His recipe goes like this:
400g peeled and cooked brown shrimps
250g unsalted butter
10ml (2tblsp) Worcestershire sauce
2.5ml (½ tsp) cayenne pepper
Some gratings of fresh nutmeg
8 slices of dry toast
2 lemons quartered
Warm the butter gently in a little pan on the hob under low heat until it is just off the preboil bubble. When the butter is melted the solids form a white scum on top and the watery components collect at the bottom. Skim off the white surface solids with a spoon and pour the clarified butter fat into a warm bowl but make sure to leave enough butter behind so the watery bottom elements are discarded.
Keep the clarified butter warm; mix in the shrimps until they are well coated. Add in the sauce, the cayenne pepper and scrape in some nutmeg. Pour into individual moulds or ramekins and let them set in the fridge. Serve with long fingers of dry toast (slice each toast long ways into 4) with 2 toasts per plate alongside a ramekin of potted shrimp and 2 segments of lemon.

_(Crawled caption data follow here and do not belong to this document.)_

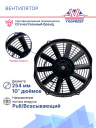 Вентилятор 10" 12V 120W (Pull/всас.) прямые лопасти Pokka фото 3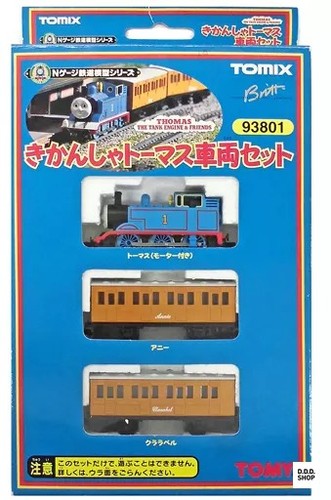 Gauge 150 thomas - n, 1/150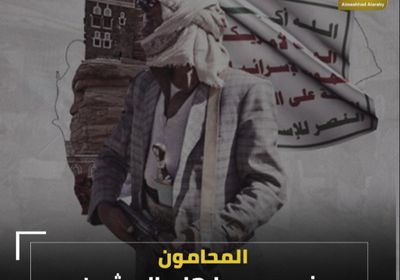 ‫المحامون‬.. في مرمى إرهاب ‫الحوثيين‬ (فيديوجراف)‫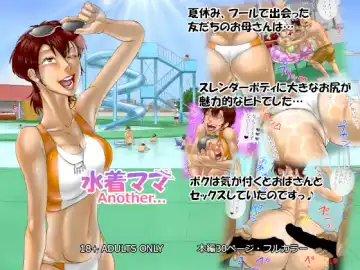 Read Mizugi Mama Another... - Fhentai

Ian, who lives in Annan, said: “Even today pots of brown shrimp and already prepared potted shrimp in butter are available at some supermarkets, fishmongers and online. Although not quite the same, small prawns will do the job reasonably well.
“The butter clarification used here is fairly crude and inevitably incomplete so the potted shrimp will last only a few days. If you need longer preservation pass the butterfat through a muslin or cheesecloth lined sieve for more effective removal of surface solids.”